Correct outcomes should have positive outcome discrimination values and incorrect outcomes should have negative outcome discrimination values or values which are close to zero. If the outcome discrimination value is zero this indicates that the outcome did not provide any information for distinguishing or discriminating between the upper and lower scoring groups. If a question is mis-keyed or has some ambiguous elements which are identified by the higher scoring group but not by the lower scoring group, the outcome discrimination for one or more of the incorrect answer outcomes can be higher than the discrimination value for the correct outcome.

 The Outcome Correlation is a number from -1.0 to +1.0 that shows the point biserial correlation between choosing this outcome and the assessment score. If there is a single correct outcome, the outcome correlation for this correct outcome should be the same as the correlation for the question as a whole. The correlation for the incorrect outcomes should be negative or considerably lower than the correlation for the correct answer.

Other information At the foot of the report, the report shows the average Item Difficulty (P Value), Item Discrimination and Item Total Correlation across the assessment.

There are also histograms showing the distributions of the discriminations and correlation for different questions within the assessment. By examining the histogram, you can see at a glance how many questions fall into each category.

The following clarifications and notes apply to the data produced by this report.
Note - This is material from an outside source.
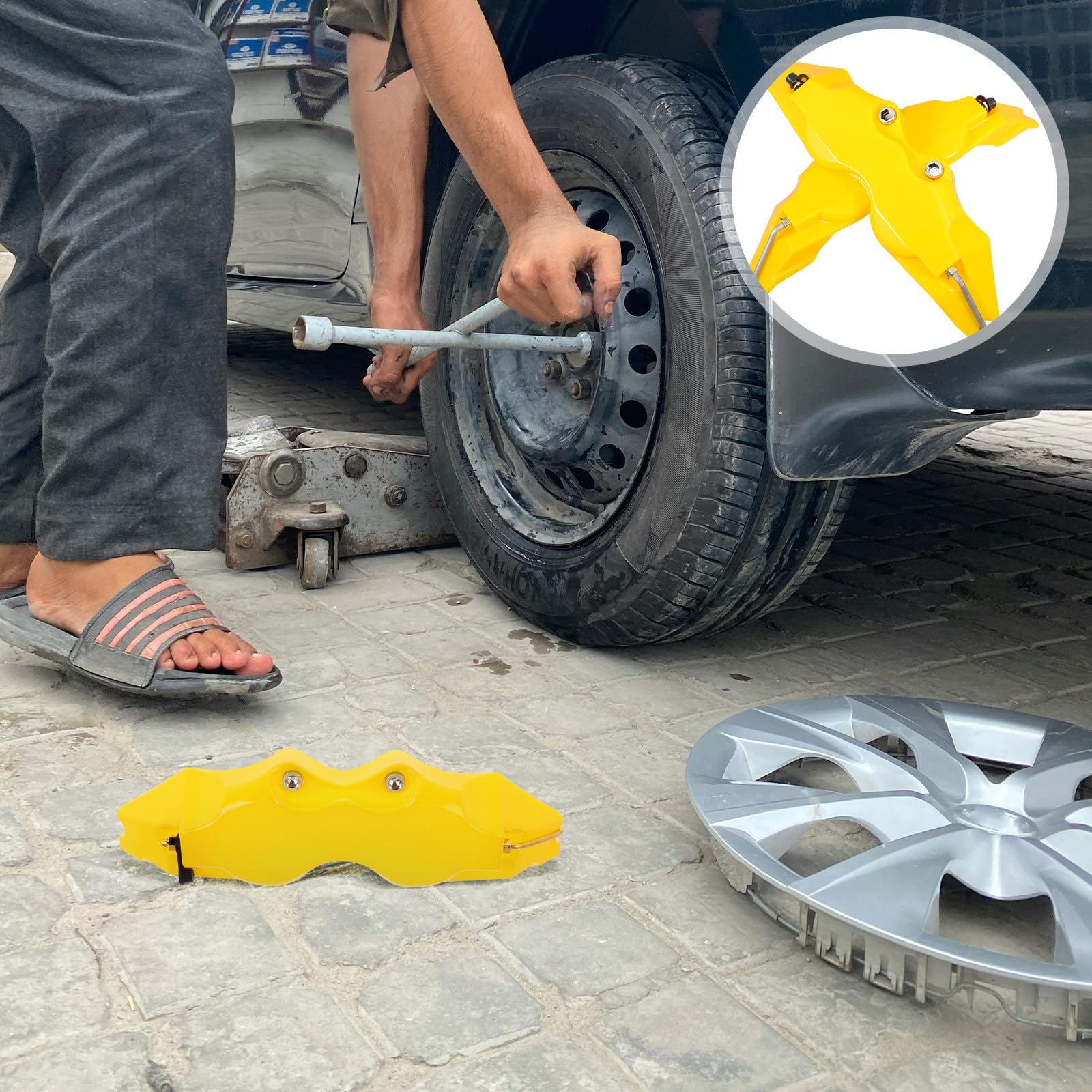 SHINEOFI Cubre Pinzas de Freno Estilo 3D Amarillo para Coches Protección Completa y Fácil Instalación, Kit de 2 Sets para Pinzas de Freno Delanteras y Traseras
 The report only applies to finished assessments. Results from unfinished assessments (where the final page was not seen) are ignored.  The report omits any questions in the assessment which are not scored, for example explanation questions or surveying questions which have a maximum score of 0 points.  Negative question scores are not meaningful in several of the statistics calculated. If any question has any negative scores, they are treated as zero for the purposes of this report.